___ Entries supplied ___

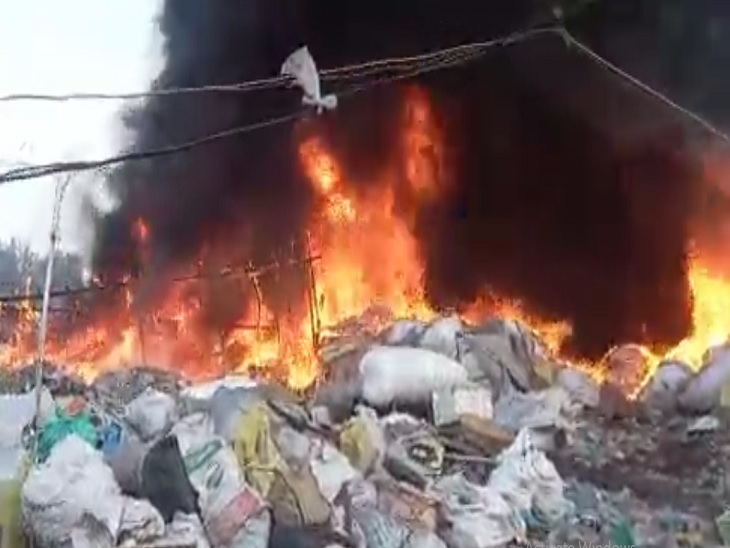 15 slums burnt to ashes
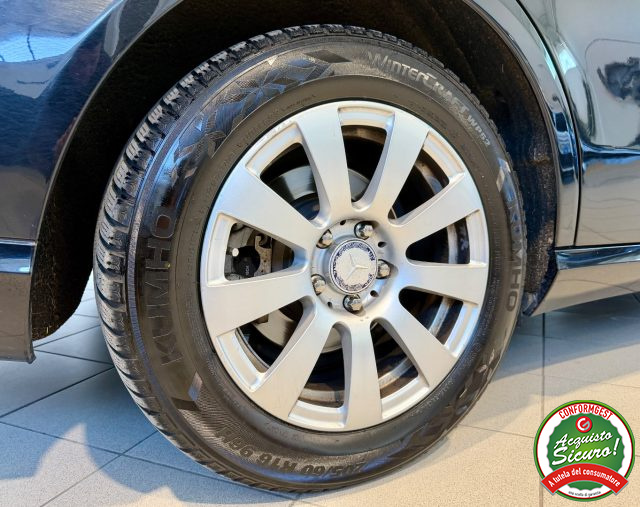 MERCEDES-BENZ E 200 usata, con Regolazione elettrica sedili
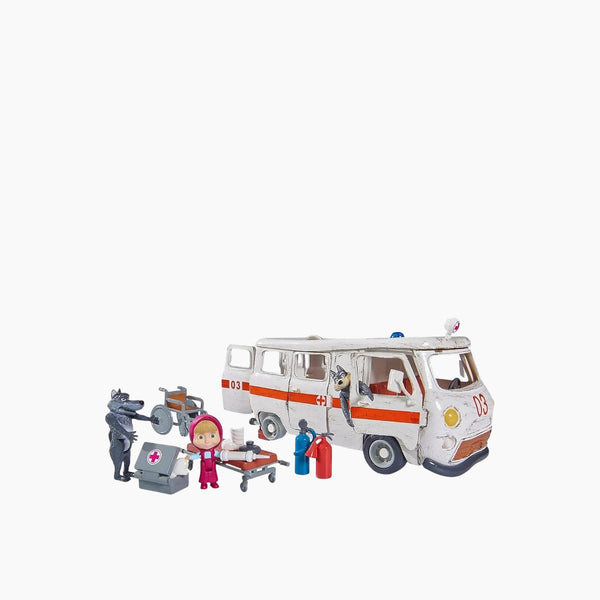 Simba Masha Ambulance Play Set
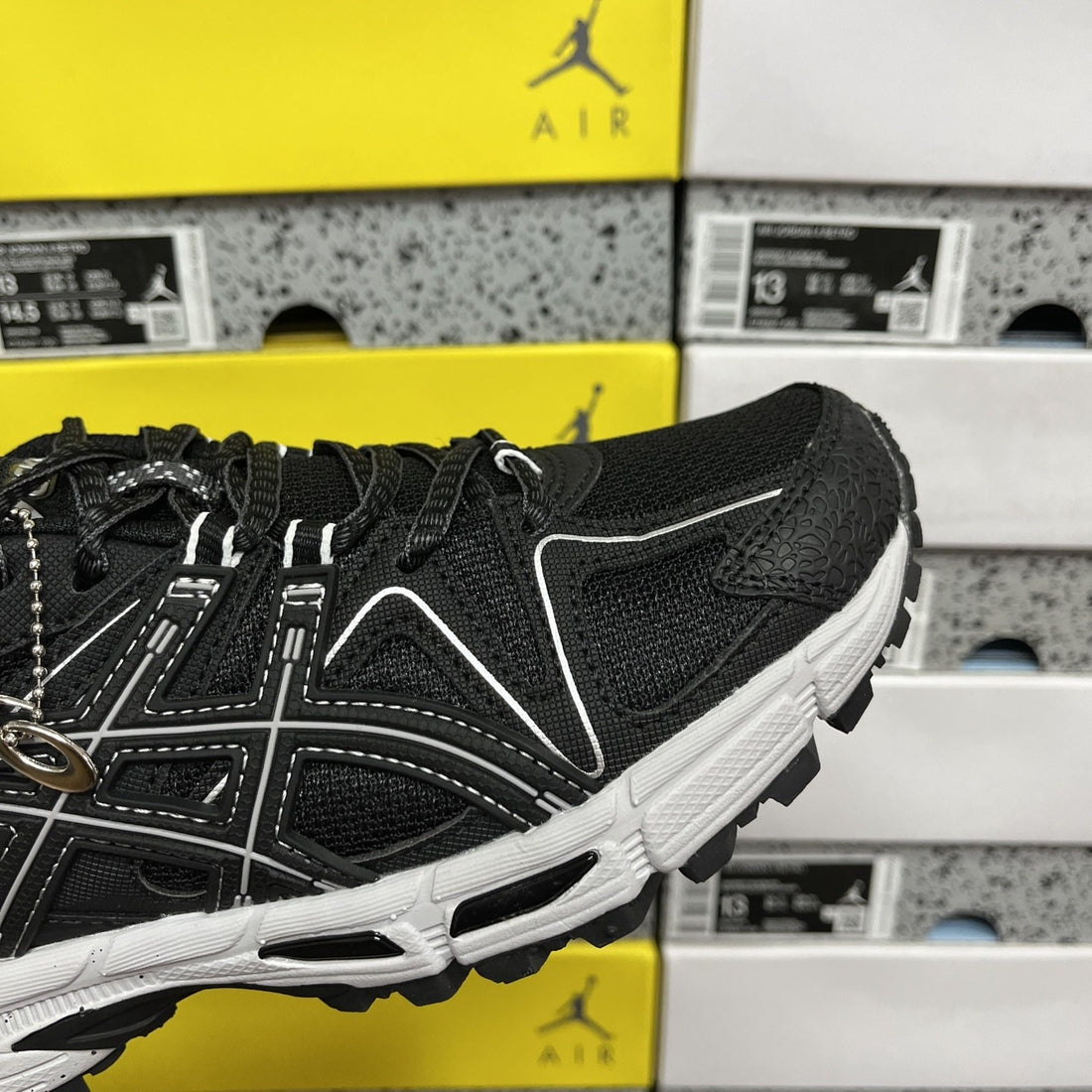 ASICS Gel-Kahana 8 Black White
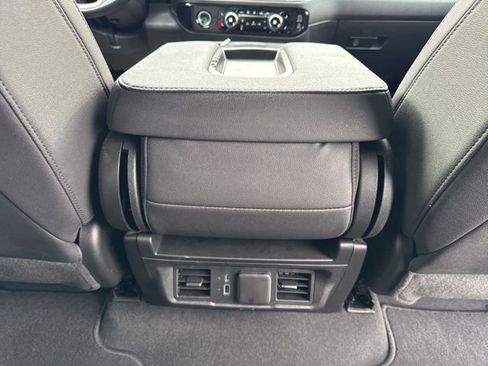 Used 2023 GMC Sierra 1500 SLT image 24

___

## Exercise directions
From the first line above to the last, copy the records exactly but omit the pictures.

## Expected output
 15 slums burnt to ashes
 MERCEDES-BENZ E 200 usata, con Regolazione elettrica sedili
 Simba Masha Ambulance Play Set
 ASICS Gel-Kahana 8 Black White
 Used 2023 GMC Sierra 1500 SLT image 24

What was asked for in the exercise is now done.